What you need to do: Your task is to quote the listing below exactly, beginning with its first line and ending on the line bearing "Building Photo - 6331 Garnet Dr".

Given data:
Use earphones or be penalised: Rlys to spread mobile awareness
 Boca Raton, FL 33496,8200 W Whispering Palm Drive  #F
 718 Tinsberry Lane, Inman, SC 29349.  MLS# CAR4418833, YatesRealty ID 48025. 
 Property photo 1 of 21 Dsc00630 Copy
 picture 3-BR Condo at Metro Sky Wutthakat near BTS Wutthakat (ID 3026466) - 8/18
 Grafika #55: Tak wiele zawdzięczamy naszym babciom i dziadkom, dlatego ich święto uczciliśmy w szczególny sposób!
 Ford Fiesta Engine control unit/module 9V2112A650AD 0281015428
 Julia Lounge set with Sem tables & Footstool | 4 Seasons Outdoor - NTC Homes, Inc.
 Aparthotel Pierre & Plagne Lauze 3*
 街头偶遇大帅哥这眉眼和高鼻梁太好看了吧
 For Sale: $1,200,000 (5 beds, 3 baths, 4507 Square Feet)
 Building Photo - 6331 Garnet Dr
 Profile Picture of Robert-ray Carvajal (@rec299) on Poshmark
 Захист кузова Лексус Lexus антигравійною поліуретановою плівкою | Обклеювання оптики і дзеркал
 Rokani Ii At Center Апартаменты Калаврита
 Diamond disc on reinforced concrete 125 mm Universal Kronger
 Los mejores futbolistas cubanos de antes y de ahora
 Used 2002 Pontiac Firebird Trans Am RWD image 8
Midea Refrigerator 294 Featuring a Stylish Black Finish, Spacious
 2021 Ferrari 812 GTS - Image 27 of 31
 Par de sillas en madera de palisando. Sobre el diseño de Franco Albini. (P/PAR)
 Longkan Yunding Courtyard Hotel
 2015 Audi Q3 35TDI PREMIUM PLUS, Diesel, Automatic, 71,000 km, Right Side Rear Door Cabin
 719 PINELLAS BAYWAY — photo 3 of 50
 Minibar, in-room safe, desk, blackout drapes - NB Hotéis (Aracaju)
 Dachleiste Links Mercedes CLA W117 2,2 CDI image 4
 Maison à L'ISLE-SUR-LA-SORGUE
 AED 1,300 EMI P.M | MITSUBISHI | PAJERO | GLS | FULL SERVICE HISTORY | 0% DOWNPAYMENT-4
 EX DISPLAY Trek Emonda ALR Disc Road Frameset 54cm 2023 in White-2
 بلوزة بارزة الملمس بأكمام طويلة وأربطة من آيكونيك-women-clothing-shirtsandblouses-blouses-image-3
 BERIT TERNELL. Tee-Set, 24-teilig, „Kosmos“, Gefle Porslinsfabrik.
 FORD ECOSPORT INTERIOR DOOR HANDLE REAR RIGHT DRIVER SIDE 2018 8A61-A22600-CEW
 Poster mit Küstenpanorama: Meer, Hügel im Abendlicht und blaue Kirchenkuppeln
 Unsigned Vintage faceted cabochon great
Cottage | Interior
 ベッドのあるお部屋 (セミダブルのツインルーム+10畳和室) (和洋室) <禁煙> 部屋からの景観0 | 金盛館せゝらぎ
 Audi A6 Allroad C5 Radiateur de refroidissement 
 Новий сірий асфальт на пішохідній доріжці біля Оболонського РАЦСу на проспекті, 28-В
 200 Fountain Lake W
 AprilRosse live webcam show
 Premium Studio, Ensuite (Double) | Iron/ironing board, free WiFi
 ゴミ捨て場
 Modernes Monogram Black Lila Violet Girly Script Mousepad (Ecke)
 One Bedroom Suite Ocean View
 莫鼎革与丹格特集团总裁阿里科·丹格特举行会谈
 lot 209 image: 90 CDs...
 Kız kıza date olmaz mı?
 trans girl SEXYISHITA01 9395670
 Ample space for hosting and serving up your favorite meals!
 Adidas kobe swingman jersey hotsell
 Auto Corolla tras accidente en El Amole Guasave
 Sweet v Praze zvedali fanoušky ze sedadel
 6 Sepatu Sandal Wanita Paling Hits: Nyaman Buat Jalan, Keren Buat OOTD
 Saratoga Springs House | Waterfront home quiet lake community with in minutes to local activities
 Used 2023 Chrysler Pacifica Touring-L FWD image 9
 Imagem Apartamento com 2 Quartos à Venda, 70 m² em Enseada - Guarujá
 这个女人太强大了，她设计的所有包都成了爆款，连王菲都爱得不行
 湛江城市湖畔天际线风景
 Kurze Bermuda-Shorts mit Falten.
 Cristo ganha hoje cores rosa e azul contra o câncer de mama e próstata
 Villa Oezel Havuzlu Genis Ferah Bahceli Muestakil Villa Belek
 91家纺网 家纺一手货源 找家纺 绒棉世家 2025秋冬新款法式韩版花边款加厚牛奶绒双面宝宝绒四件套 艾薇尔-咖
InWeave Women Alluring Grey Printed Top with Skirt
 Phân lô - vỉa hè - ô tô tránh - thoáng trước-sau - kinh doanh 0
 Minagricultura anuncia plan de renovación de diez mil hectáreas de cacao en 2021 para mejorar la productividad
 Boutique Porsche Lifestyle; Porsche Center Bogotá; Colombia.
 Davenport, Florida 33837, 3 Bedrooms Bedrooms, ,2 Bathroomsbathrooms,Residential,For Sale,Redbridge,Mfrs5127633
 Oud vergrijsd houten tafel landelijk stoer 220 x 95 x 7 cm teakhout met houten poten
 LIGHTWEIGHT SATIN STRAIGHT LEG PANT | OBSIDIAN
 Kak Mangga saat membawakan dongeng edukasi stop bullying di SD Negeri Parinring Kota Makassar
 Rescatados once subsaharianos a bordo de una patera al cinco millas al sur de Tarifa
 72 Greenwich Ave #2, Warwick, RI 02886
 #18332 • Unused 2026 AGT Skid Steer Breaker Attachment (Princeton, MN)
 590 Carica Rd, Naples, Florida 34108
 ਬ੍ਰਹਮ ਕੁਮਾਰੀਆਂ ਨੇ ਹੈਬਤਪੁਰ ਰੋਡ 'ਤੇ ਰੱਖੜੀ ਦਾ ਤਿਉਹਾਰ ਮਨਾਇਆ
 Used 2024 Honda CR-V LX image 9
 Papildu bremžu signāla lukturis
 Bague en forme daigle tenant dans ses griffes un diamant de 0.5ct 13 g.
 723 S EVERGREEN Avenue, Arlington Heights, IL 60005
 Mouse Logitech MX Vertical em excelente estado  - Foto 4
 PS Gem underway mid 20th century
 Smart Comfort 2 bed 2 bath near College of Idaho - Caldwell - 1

Answer to this exercise:
Use earphones or be penalised: Rlys to spread mobile awareness
 Boca Raton, FL 33496,8200 W Whispering Palm Drive  #F
 718 Tinsberry Lane, Inman, SC 29349.  MLS# CAR4418833, YatesRealty ID 48025. 
 Property photo 1 of 21 Dsc00630 Copy
 picture 3-BR Condo at Metro Sky Wutthakat near BTS Wutthakat (ID 3026466) - 8/18
 Grafika #55: Tak wiele zawdzięczamy naszym babciom i dziadkom, dlatego ich święto uczciliśmy w szczególny sposób!
 Ford Fiesta Engine control unit/module 9V2112A650AD 0281015428
 Julia Lounge set with Sem tables & Footstool | 4 Seasons Outdoor - NTC Homes, Inc.
 Aparthotel Pierre & Plagne Lauze 3*
 街头偶遇大帅哥这眉眼和高鼻梁太好看了吧
 For Sale: $1,200,000 (5 beds, 3 baths, 4507 Square Feet)
 Building Photo - 6331 Garnet Dr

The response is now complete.